No era la religión lo que siempre oímos, lo que creyeron nuestros padres que era, lo que al poder le interesa que creamos que es. No es el fanatismo psicópata sembrando muerte en nombre del dios de turno, ni la creencia estólida y a ciegas de quien no tiene a lo que agarrarse; ni siquiera la creencia conmovedora de quien heredó su mito familiar de sangre sin entender lo que dice, ni de dónde viene –y sin importarle lo más mínimo, al cabo–: porque no se trata de creer, sino de conocer. De unos años a esta parte nos quieren hacer creer, otros, que el corazón es una cursilada de mercadillo y lo espiritual estrictamente un dogma, una superstición o un cuento infantil (mientras ellos abrazan sus dogmas incuestionables de fe en el dinero, la patria, la ideología o la ciencia rrrracional, en las que creen exactamente como en una Iglesia). Pero no. Reunir, reunir los pedazos de ti mismo; no creer hacia fuera, sino buscar hacia adentro. No en otro planeta sino en el rincón más humilde y más callado de tu propio templo: si haces oído, si no te distraes, si escuchas sin miedo, podrás oír el grito remoto, por entre las grietas del corazón, encerrado ahí abajo en las catacumbas, de eso que te lleva esperando desde siempre: el demonio de tu propia ley, de lo que has venido a cumplir en esta vida, deseando emerger rompiendo en ángel a la superficie.

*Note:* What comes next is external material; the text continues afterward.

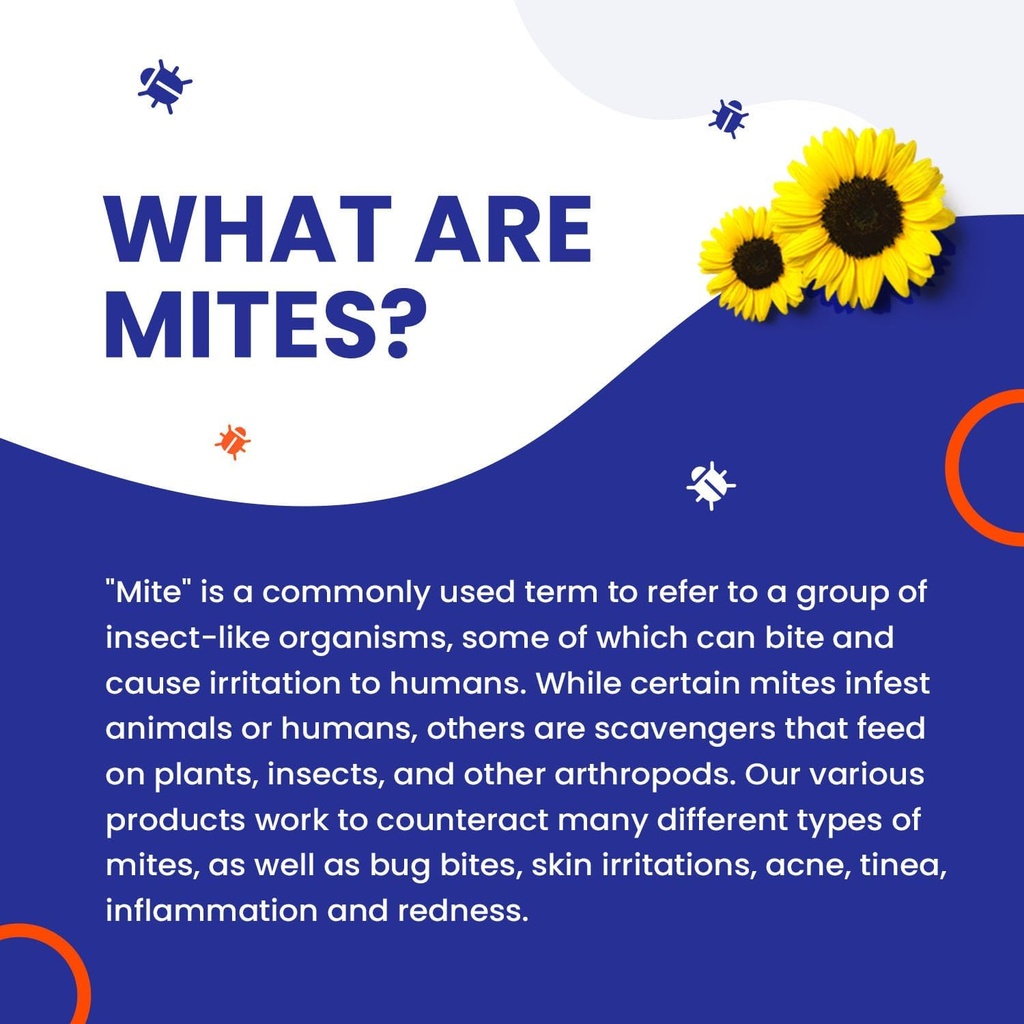 mite-treatment-lotion-soap-by-mite-b-gon-4.jpg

Ésa es la religión; el llegar, pieladentro, cavando a sangre y lágrimas (porque jamás será fácil, nunca te lo regalará nadie), hasta las ruinas de oro del corazón, hasta el loto por debajo del fango, hasta el altar de la cueva que custodia el monstruo de tu terror más hondo. Hasta saber quién eres. Hasta reunirte y reconciliarte con la vida entera (donde Dios, si es que está, habita). Ésa es la alquimia primera. Ésa es la resurrección. Y ésa es la única revolución posible, porque es la única guerra en juego. Hay que volver al corazón. Hay que volver a lo esencial. Empezando por decir en voz alta palabras como amor y corazón como banderas clarísimas, en su sentido profundo y más consciente, sin vergüenza ninguna. Pues son ellos, los que no dejan de vomitar mentiras, fanatismo y miseria moral para hacerte esclavo, los que deberían callar y bajar la cabeza, humillados como lo que son: los esbirros a sueldo de la infelicidad que tú y yo creemos invencible porque ellos lo dicen, porque ése es su negocio, porque se lo oímos en la tele.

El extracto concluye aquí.